After an iced latte and some time in the air conditioning, I headed out to the community garden to continue preparing the soil for planting, hard but satisfying work. In the process, I met the woman in my neighboring plot, a nice older lady who gave me a thumbs-up and told me I was doing a good job. When she saw me awkwardly balancing my camera on my bag to take a self-timer picture of myself in action (because I’m a huge dork), she offered to take one for me and the result was this great photo.

All in all, it was a day that made me thankful for the kindness of strangers.

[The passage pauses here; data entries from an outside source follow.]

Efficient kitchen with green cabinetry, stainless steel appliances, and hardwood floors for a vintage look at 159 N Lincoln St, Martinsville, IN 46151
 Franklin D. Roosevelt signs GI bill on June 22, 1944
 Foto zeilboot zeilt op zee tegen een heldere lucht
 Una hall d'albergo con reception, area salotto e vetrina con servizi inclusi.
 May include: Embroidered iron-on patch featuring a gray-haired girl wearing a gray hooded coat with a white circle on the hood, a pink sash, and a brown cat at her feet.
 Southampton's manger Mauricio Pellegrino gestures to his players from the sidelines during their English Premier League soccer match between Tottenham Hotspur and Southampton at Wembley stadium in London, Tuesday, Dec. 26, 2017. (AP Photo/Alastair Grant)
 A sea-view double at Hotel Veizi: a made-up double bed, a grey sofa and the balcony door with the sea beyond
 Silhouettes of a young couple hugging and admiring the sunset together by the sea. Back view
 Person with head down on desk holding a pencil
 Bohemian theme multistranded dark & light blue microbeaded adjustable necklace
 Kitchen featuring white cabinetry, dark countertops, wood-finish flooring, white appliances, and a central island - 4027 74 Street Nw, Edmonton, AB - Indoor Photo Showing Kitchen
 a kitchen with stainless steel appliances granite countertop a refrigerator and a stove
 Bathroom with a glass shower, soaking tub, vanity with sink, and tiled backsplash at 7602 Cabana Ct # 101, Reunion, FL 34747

My Catholic elementary/middle/high school ascribed to five goals of the Sacred Heart that infused almost everything we did. This spring, I went to an alumnae retreat themed around the goals. In a breakout discussion of Goal IV, “the building of community as a Christian value,” I talked about the challenges of building community in these post-college years. In a school setting, you work and play (and sometimes live) with the same people, and you are embedded within a framework of shared values—whether it was the goals at Stone Ridge, or the international/environmentalist/ ethos of Middlebury. Now, I have great friends from high school, college, and work, but with everyone spread out across DC and across the country, it’s harder to identify my “community.” (Though with a shared mission and lots of awesome people, my work comes close to one.)

One of the alums, a few years older than me, commented, “Building community doesn’t have to be one big party.” It happens in the individual interactions – in strengthening friendships, reaching out to acquaintances, being kind to a difficult person at work. That was a lightbulb moment for me, and I’ve thought about it ever since.

I was happy to realize that what happened on the hike and in the garden was community-building in the true spirit of Goal IV – one individual interaction at a time.